EXERCISE:
Restate word for word only the lines from the one with "PESCI, RANE ED ALTRI ANFIBI (10 VETRINI)" through the end of the records; no pictures belong in the copy.
*** SOURCE RECORDS ***
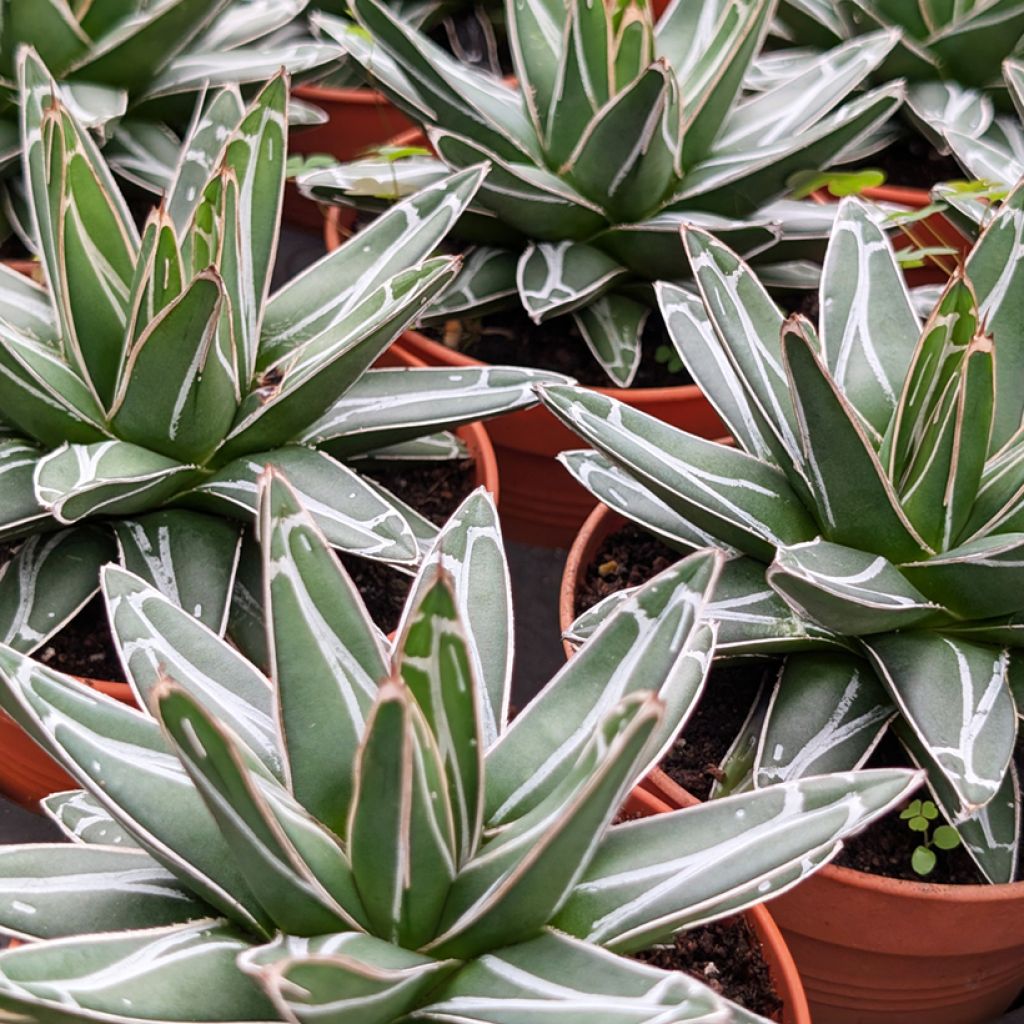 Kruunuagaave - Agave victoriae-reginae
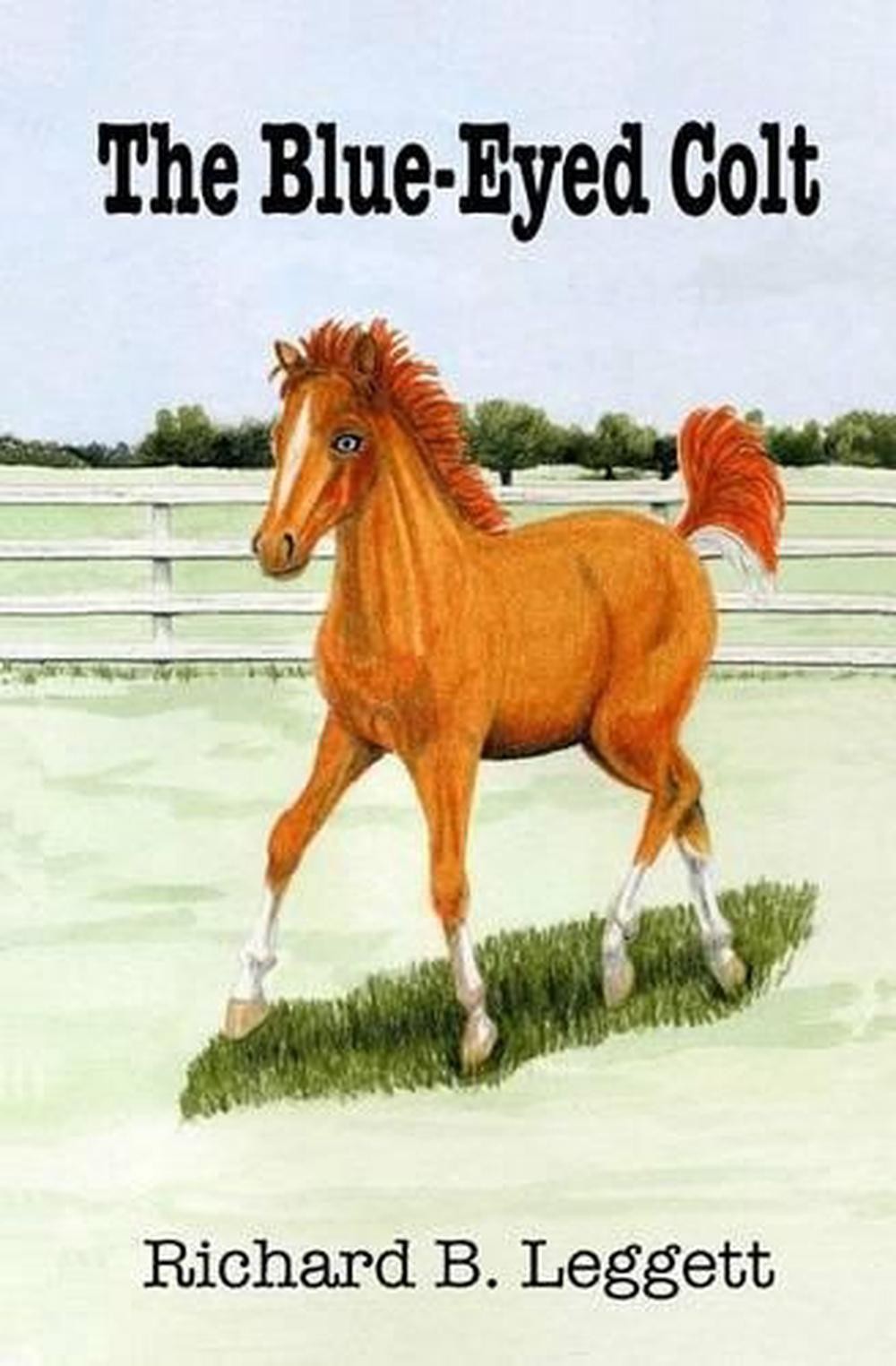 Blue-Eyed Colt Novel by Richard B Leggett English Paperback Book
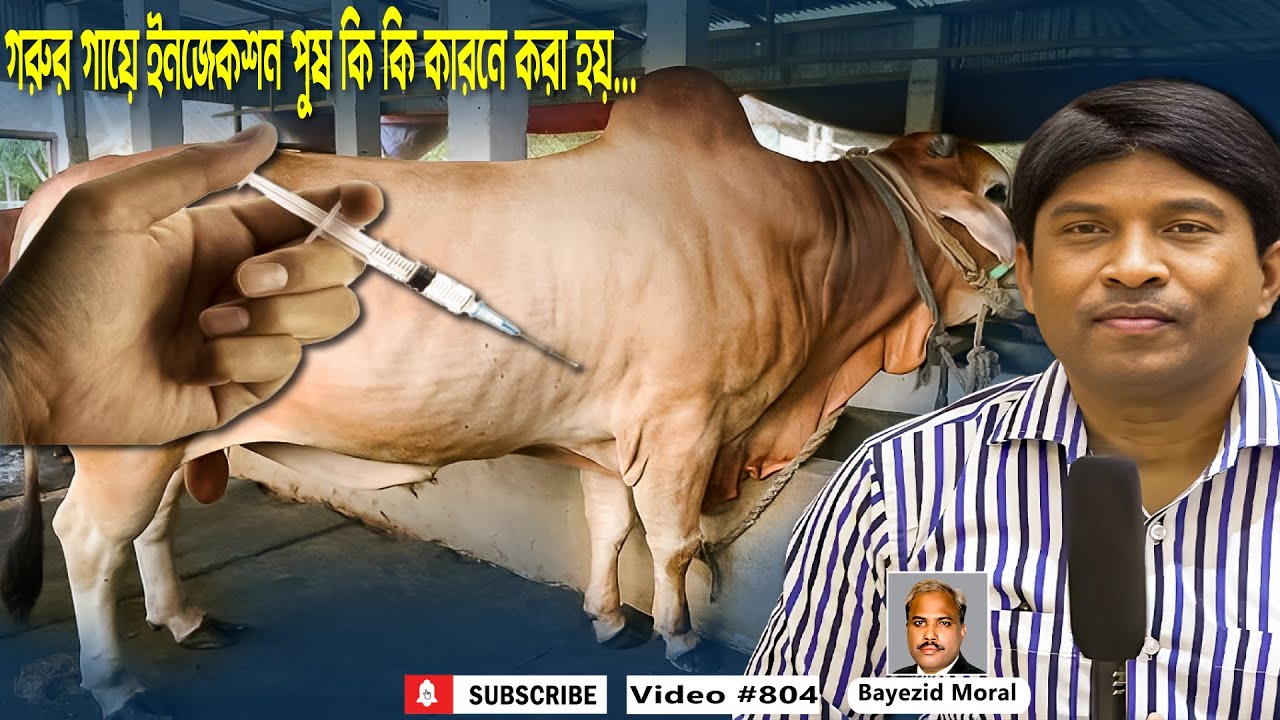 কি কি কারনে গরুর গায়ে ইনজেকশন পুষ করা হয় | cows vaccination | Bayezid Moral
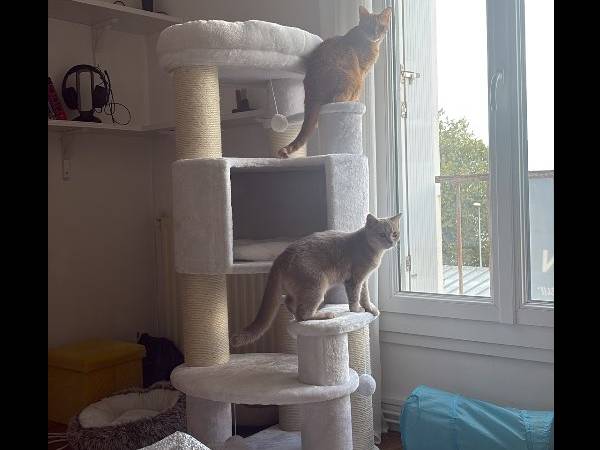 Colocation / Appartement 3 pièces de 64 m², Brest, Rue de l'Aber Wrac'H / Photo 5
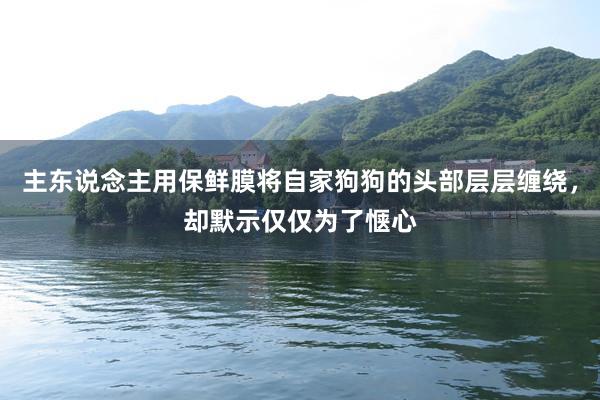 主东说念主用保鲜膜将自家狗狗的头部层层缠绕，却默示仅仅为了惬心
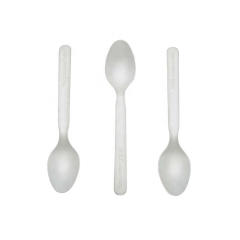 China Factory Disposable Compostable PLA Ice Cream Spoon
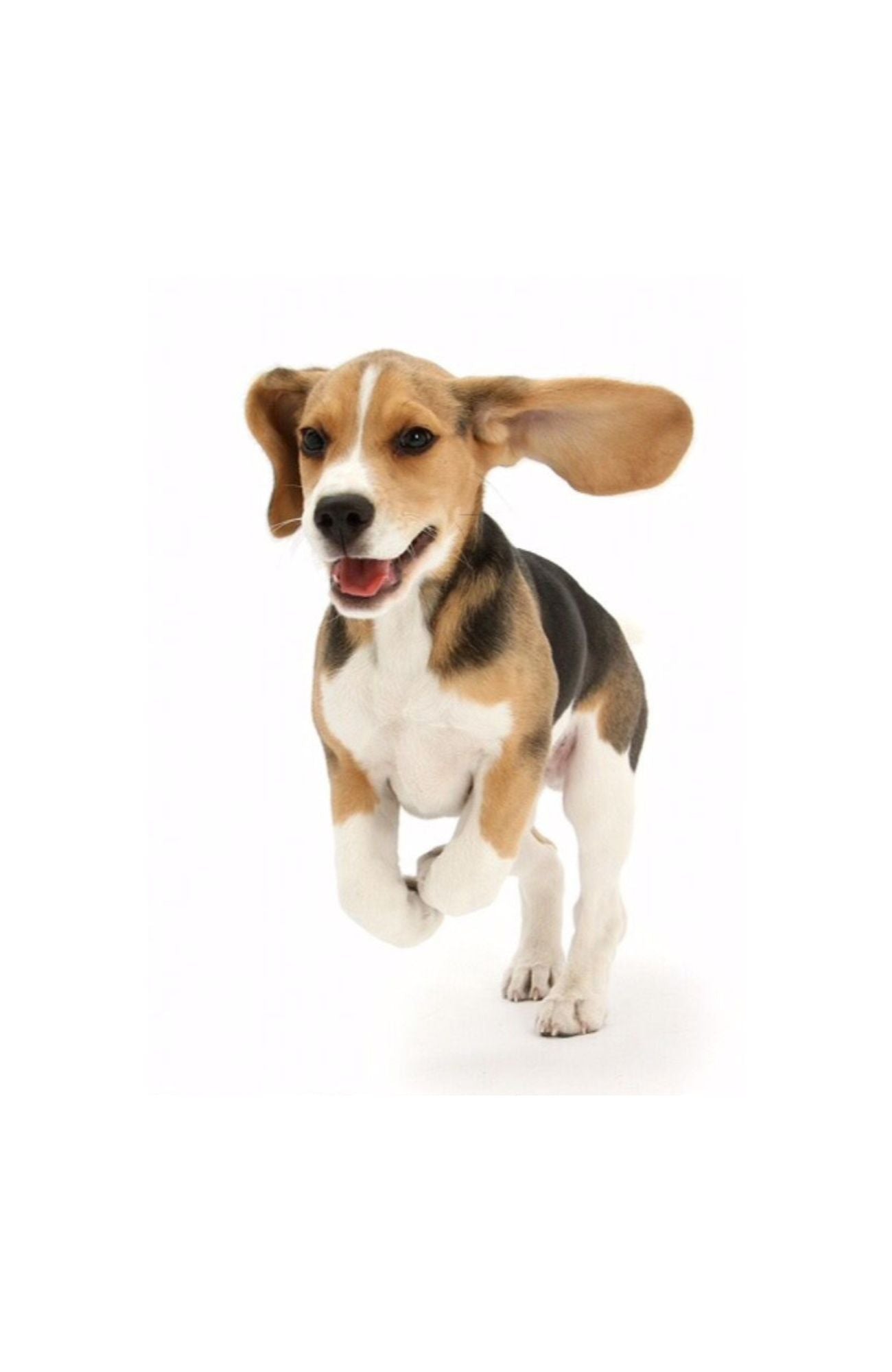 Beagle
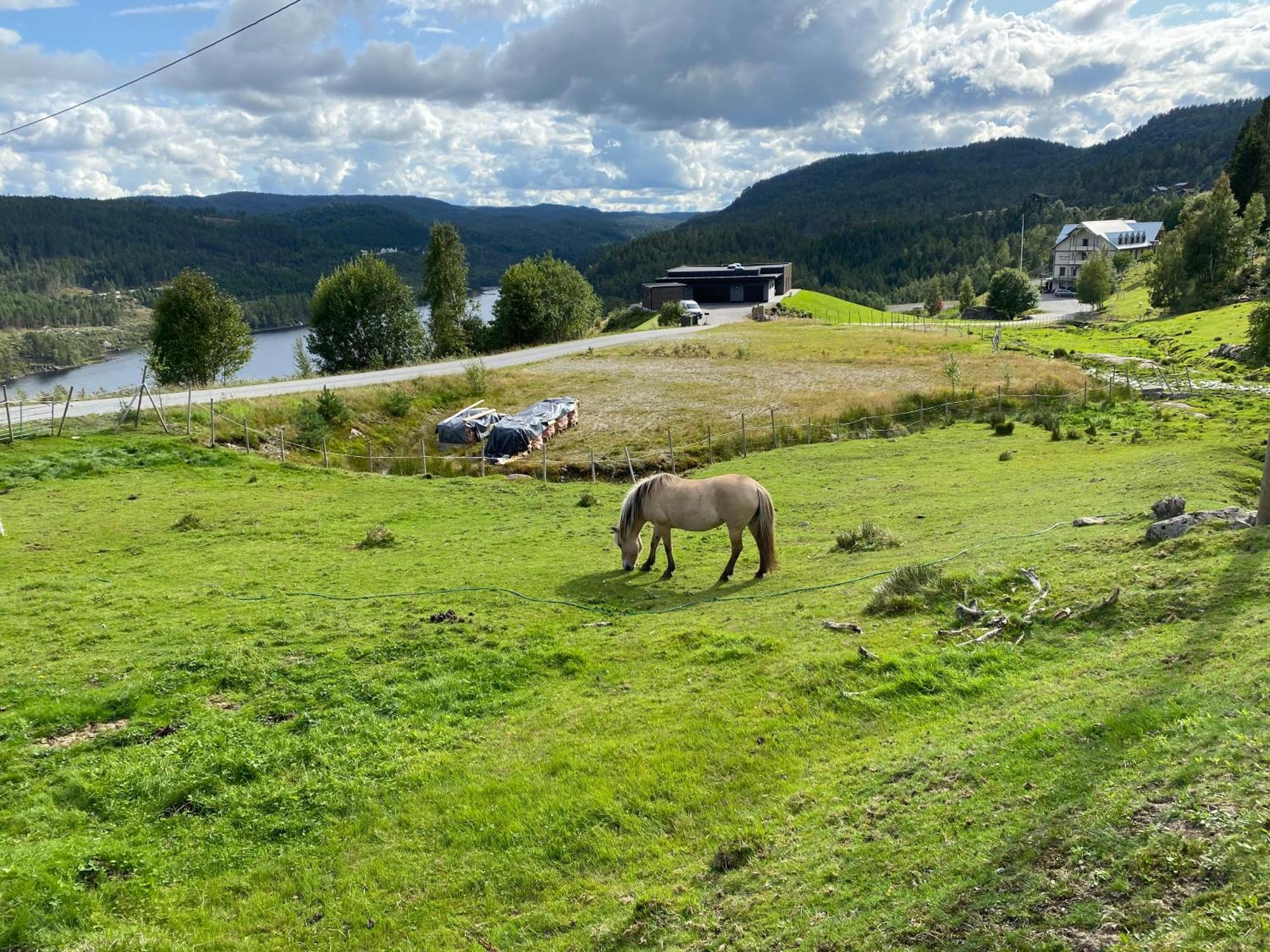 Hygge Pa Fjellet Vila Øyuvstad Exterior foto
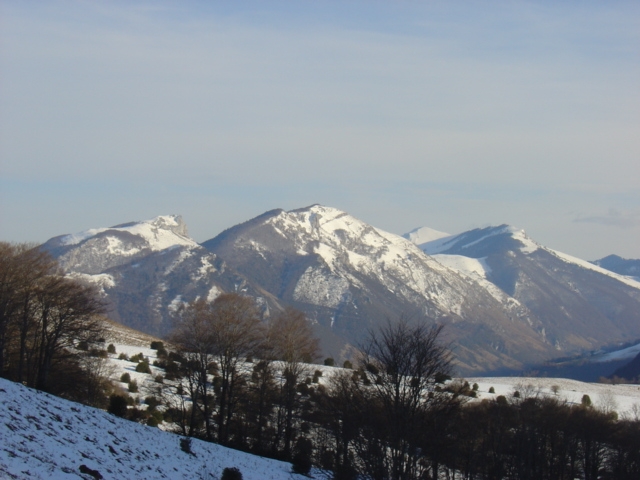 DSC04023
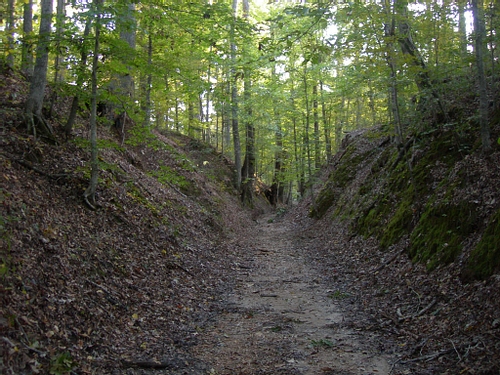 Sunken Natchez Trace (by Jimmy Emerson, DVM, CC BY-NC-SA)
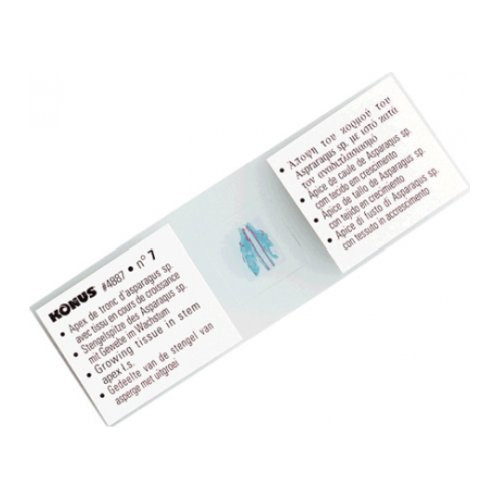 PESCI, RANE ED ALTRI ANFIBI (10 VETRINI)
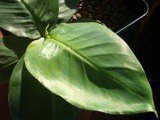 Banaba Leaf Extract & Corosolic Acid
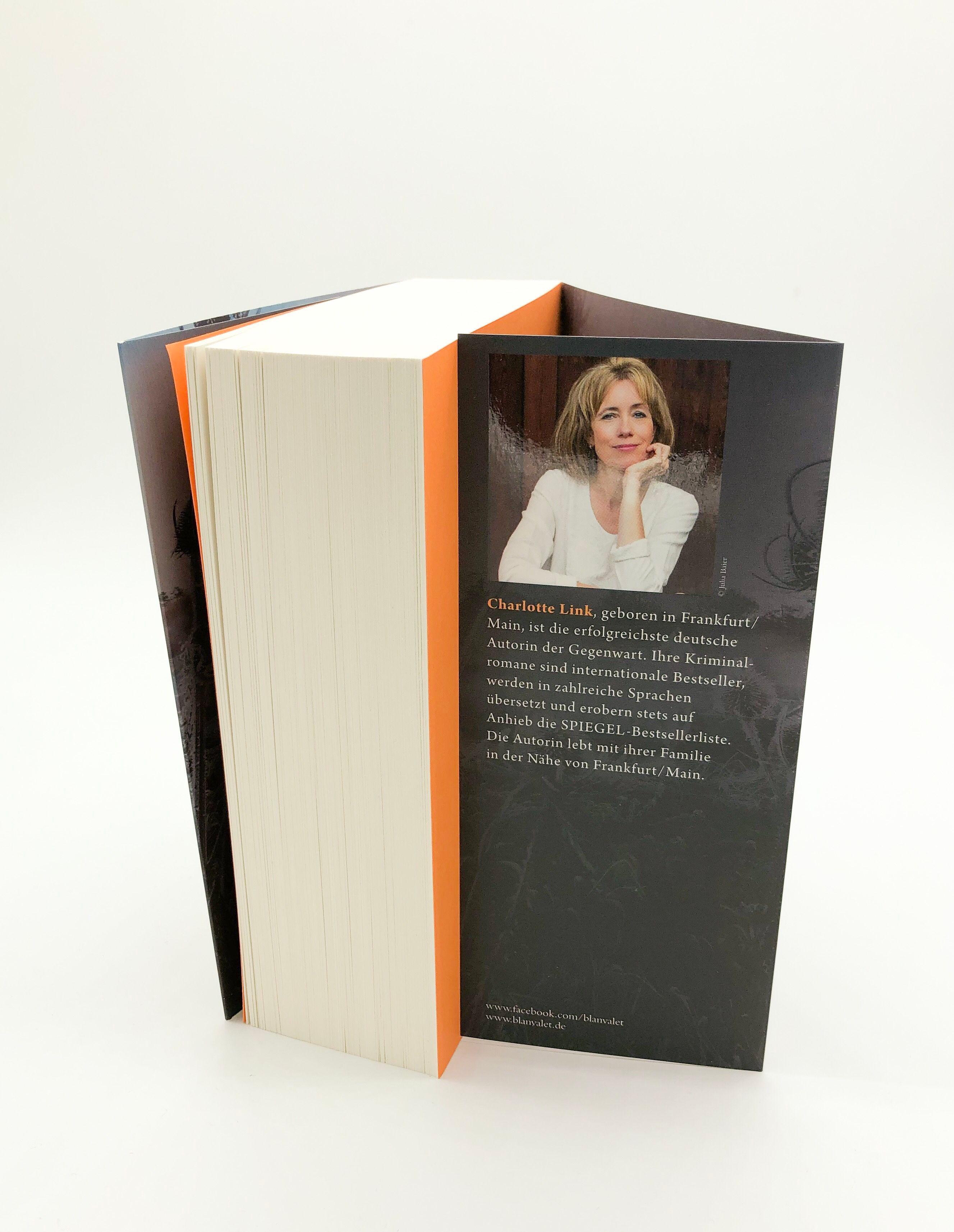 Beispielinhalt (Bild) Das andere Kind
*** End of SOURCE RECORDS ***
SOLUTION BELOW:
 PESCI, RANE ED ALTRI ANFIBI (10 VETRINI)
 Banaba Leaf Extract & Corosolic Acid
 Beispielinhalt (Bild) Das andere Kind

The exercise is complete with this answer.